Are UAVs Fair Game Over Private Land

By Elton F. Dean III

Two recent legal developments have further muddied the waters for operators of Unmanned Aircraft Systems (UAS), or “drones,” regarding private property and trespass or alleged trespass.  In particular, one judicial decision and one state legislative action are tilting the balance towards the rights of landowners.  These developments may increase the number of private landowners that take matters into their own hands when confronted by a UAS over or near private property.  

In July of 2015, a man in Kentucky made international headlines  when he shot down a drone belonging to David Boggs as it allegedly flew over his property.  The man, Meredith, alleged that the drone flew over his property multiple times below the tree line and as low as 10 feet.
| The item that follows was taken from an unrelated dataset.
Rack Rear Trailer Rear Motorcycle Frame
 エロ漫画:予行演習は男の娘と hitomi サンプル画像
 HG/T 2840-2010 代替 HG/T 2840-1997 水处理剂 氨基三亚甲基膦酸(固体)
However, Boggs provided evidence that the drone did not fly over Meredith’s property or at a low altitude and Meredith was eventually arrested and charged with criminal mischief.  Meredith’s supporters called him the “The Drone Slayer” and sold merchandise to fund his defense.  A local judge dismissed the charges against him, found that the drone represented an invasion of privacy and, held that Meredith “had the right to shoot” the drone.  

The drone owner Boggs filed a federal civil suit (Boggs v. Meredith) to establish that UAS were aircraft in federal airspace and to seek damages for his damaged property.  The court ultimately granted Meredith’s motion to dismiss the suit , finding that Boggs lacked subject matter jurisdiction to bring the suit in federal court.  As such, the Federal court failed to rule on the questions of whether the drone was operating in Federal airspace, or whether Meredith was liable for damages to Boggs, thus leaving such decisions in the hands of the states.  

Along those lines, the second development that may be unwelcome news to UAS operators comes from the state of Oklahoma.  A bill  being considered in the Oklahoma Senate would eliminate liability for a landowner who voluntarily damages or destroys a drone on their property.   The current Senate Bill SB660  recites, in part,  

 “Any person owning or controlling real estate or other premises who voluntarily damages or destroys a drone located on the real estate or premises or within the airspace of the real estate or premises not otherwise regulated by the Federal Aviation Administration or where a reasonable expectation of privacy exists, shall, together with any successors in interest, if any, not be civilly liable for causing the damage or destruction to the property of such person.”

An amendment has been proposed to expand the definition of a drone from that equipped with “a recording device” to include UAS having “a camera or a recording device.”    It is also important to note that the bill relates to airspace not otherwise regulated by the FAA –such airspace of which the FAA says does not exist (The FAA regularly points to the fact that Congress vested it with the authority to regulate all airspace 49 USC §§40103, 44502, 44701-44735).

Aside from regulated airspace, the proposed bill would also prohibit liability where there is a “reasonable expectation of privacy.”  While this phrase is often used in the context of government intrusions and searches, there is no clear consensus as to how far reasonable expectations of privacy may extend from a dwelling. This is particularly relevant in rural or remote areas where UAV operation may be more prevalent.    

For now, it remains unclear how the FAA or state legislatures will ultimately address incidents where drones intentionally or unintentionally cross private property and how landowners may legally handle these instances.